Music

Ambient Conditions

Theodore Cale Schafer. Photo: Brad Trone.

TUCKED BETWEEN the few discrete layers of indeterminate guitar phrases that make up “It’s Late,” the fifth track on Santa Fe–based musician Theodore Cale Schafer’s latest album, Patience (2019), is a nonmusical rustling, like a phone recording of someone walking outside: boots on gravel or dry leaves, keys clanking, some laughter. These details stand out for the degree to which they’re effective, but not useful; of a place, but not a place the listener quite has access to; personal and intimate, but without the attendant narrative dramas.

Schafer has a dry way of arranging sounds. In his music, electroacoustic static meets instrumentation without coalescing into an affect-swollen whole. Guitar and piano predominate, sometimes looped to form a textural base, but more often crawling around in loose, stoned improvisations—inklings of half-digested American Primitive organics, a lightly uncool proclivity for noodling. Moods rise and fall only to be ultimately shrugged off altogether, leaving the listener in neutral space. “Hinoki,” Patience’s shortest track, builds up to one of those soft, sublime tone-bundles standard of tape-label ambient music. It’s almost funny how quickly Schafer lets that high—which, if stretched further, would satisfy the right kind of zoned-in listener for a whole side of a small-batch cassette—burn away into the distance.
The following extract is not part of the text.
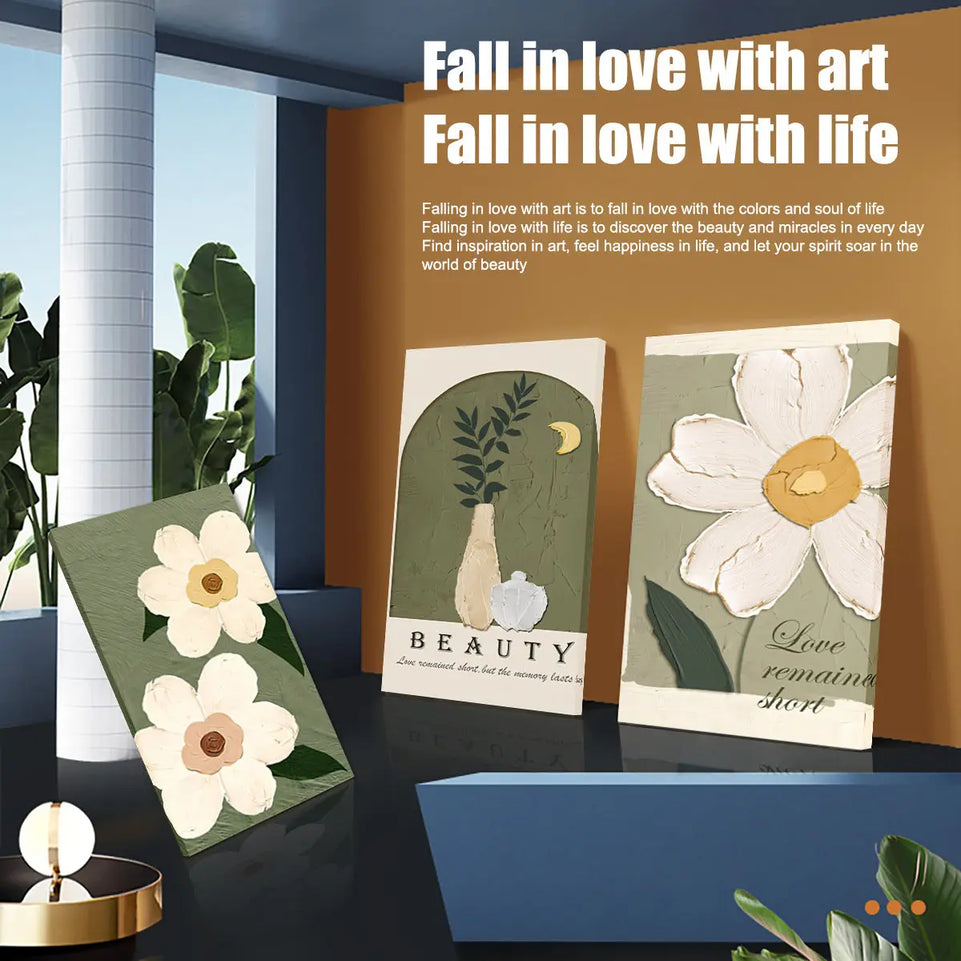 Set of 3 Floral Market Wall Art Canvas Painting Motivational Poster Bohemian Canvas Wall Art Modern Farmhouse Wall Decor Poster Ideal Gift for Bedroom Living Room Office Home Decor Holiday Decoration June Wall Art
With its idiosyncrasies and field-recorded layers, Patience has a very human, constructed feel. It’s a record one can imagine being made somewhere average, probably in an apartment. The LP’s label helps this DIY image along: Schafer in bed next to an open laptop, a phone, and lip balm. Patience is absorbing without the gravity that defines and makes gripping so much ambient music. It’s affecting while being somehow flippant; its moments of pathos can seem like an accidental achievement. I really do love listening to it, and yet if I challenge myself to set aside the rote critical modes of genre and/or my subjective pleasure made objective, it’s difficult to articulate what the record generates. In a sense, it’s minor music. All of its atmospheric shifts inch toward the imperceptible.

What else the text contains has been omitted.